かねて大きな話題となっていた改正電子帳簿保存法ですが、7月16日に改正に対応した「電子帳簿保存法Q&A(一問一答)」が公開されるなど、これまで準備中だった資料類が揃いました。

これまでは、電子メールや添付ファイルで受領した取引情報は紙で印刷して保管しておけばよしとされていました。

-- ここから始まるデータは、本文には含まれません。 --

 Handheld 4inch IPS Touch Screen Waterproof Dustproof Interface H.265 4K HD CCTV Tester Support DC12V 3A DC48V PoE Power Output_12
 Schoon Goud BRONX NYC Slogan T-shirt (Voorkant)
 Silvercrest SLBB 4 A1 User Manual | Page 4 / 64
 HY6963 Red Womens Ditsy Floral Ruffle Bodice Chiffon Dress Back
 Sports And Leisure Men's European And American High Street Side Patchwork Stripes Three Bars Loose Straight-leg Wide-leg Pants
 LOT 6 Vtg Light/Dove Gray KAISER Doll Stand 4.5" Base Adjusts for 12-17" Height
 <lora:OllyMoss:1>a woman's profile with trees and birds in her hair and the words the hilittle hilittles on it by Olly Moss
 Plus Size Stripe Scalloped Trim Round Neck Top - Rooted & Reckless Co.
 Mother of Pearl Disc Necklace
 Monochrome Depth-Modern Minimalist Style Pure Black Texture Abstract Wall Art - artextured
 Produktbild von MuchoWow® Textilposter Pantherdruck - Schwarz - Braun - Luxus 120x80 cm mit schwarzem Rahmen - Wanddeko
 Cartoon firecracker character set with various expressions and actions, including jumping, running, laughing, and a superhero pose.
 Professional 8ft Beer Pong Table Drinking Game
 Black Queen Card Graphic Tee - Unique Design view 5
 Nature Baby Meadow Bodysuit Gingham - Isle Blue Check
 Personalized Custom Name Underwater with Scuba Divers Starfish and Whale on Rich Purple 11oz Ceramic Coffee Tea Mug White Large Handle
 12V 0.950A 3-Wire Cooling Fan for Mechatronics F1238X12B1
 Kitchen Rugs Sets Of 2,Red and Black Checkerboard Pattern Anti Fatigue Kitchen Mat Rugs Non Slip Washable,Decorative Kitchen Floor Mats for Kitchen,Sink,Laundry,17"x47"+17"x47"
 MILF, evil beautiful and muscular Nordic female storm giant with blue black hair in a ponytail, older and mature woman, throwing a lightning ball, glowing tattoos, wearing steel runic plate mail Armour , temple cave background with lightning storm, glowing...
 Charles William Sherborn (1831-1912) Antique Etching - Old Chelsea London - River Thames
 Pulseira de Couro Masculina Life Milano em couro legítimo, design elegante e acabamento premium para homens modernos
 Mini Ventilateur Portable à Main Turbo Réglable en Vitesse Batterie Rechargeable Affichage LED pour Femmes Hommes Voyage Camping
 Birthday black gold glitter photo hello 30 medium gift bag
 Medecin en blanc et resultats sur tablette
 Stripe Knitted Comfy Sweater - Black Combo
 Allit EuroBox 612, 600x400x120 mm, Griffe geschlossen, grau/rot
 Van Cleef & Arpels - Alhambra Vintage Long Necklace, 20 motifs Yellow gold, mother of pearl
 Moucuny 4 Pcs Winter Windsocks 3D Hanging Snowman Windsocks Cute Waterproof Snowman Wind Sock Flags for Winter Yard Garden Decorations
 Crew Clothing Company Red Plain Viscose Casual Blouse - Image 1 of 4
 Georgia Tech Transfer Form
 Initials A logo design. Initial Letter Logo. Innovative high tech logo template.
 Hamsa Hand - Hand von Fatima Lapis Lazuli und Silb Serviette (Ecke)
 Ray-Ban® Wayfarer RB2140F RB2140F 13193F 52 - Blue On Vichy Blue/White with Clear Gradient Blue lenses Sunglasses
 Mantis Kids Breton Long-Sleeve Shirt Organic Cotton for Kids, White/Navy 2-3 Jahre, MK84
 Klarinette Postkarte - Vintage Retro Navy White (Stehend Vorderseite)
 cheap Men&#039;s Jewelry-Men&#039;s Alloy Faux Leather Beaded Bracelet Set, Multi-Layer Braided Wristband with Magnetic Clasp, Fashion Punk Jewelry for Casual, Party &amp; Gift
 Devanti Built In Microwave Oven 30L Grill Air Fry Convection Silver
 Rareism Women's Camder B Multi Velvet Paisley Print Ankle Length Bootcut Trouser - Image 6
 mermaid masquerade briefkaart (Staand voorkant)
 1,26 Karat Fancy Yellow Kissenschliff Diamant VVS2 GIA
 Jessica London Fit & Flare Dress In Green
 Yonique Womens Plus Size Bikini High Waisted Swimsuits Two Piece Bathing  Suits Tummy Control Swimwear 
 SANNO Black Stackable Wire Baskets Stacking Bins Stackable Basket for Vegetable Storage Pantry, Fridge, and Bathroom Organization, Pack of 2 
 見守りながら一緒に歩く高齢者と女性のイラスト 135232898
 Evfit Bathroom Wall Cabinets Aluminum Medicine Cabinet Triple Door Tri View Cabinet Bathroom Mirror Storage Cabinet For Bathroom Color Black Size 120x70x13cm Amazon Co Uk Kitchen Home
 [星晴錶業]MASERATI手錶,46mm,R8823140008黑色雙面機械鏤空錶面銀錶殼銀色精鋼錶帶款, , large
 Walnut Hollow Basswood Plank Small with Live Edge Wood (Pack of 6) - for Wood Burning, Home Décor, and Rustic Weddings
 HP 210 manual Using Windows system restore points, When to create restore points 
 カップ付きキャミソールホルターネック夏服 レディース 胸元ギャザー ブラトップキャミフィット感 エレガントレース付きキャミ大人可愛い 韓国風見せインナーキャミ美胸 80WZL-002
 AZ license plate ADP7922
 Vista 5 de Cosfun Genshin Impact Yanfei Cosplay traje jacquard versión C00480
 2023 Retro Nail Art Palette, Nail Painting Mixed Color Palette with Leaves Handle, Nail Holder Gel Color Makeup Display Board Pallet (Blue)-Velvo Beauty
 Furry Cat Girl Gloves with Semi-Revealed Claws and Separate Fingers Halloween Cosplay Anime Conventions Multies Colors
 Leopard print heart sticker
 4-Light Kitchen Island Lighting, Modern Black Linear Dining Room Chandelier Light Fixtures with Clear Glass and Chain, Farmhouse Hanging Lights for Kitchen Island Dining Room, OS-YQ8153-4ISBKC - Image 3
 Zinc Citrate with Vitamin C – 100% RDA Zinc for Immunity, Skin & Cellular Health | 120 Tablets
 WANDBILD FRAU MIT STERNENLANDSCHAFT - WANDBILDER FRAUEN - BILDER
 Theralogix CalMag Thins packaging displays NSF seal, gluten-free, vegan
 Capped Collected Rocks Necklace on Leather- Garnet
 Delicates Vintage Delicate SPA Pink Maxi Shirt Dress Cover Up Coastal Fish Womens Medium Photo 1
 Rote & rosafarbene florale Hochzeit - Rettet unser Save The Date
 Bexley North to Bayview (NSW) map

しかし平成4年(2022年度)に始まる会計年度からは、紙保管が認められず、取引情報そのものを電子データで保管することが求められます。

問題は、電子データ形態での保管方法で、改ざんが行われないようにする必要がでてきました。
そのため、タイムスタンプを付して保管しなければの話が出てきて、混乱が生じていました。
(ツールベンダーからの強引なタイムスタンプ付与して保存するツールの売り込みもあったようです)。

それに対して、2通りの保存方法が示されました。すなわち以下になります。
タイムスタンプ付与保存ツールは、必ずしも必要ではありません。
(1)タイムスタンプを付与する(送り手が付与していない場合は、受領者が付与する)
(2)事務処理規程「正当な理由がない訂正及び削除の防止に関する事務処理の規程」を作成し、それに則った運用を行う(規定の雛形もWordで公開されていますので、これに即して整備が必要です)

対象は次とされています。
⑴ 電子メールにより請求書や領収書等のデータ(PDFファイル等)を受領
⑵ インターネットのホームページからダウンロードした請求書や領収書等のデータ
(PDFファイル等)又はホームページ上に表示される請求書や領収書等のスクリーンショットを利用
⑹ ペーパレス化されたFAX機能を持つ複合機を利用
⑺ 請求書や領収書等のデータをDVD等の記録媒体を介して受領

※Q&A(一問一答)の問4(問22)がわかりやすいと思います。

それとともに重要なのは、取引情報データの保存方法です。これまでは印刷して提出すれば、メールや添付ファイルはどこかへいってしまっても問題は有りませんでした。しかし改正後は、電子データを保管し、税務調査の際には提示できなければなりません。そのための業務フローや役割分担を規定に加えて整備し、確実に運用していく事が必要になります。紙と違って目視で内容確認できませんので、探し出せるようにファイル名に工夫が必要などの配慮も必要になります。こちらの変更の徹底の方が、業務負荷的には大変かもしれません。

なお、電子データの保管場所(繰り返しますが保管時には規定がない場合はタイムスタンプ付与が必要、規定があればタイムスタンプ不要)ですが、探し出せる(検索できる)ならばサーバーなどの所定場所に保管しておくことで大丈夫です。また、購買システムなどのワークフロー機能に添付保管することも認められています(Q&A(一問一答)の問24)。

なお、データを手許にダウンロードしたりせず、一貫してシステム内で電子取引が行われ、訂正削除の記録が残る又は訂正削除ができない場合、すなわちクラウドの購買システムのような場合には、措置不要となります。

不明点は国税庁/税務署などに確認し、2022年1月1日までに対応できている必要があります。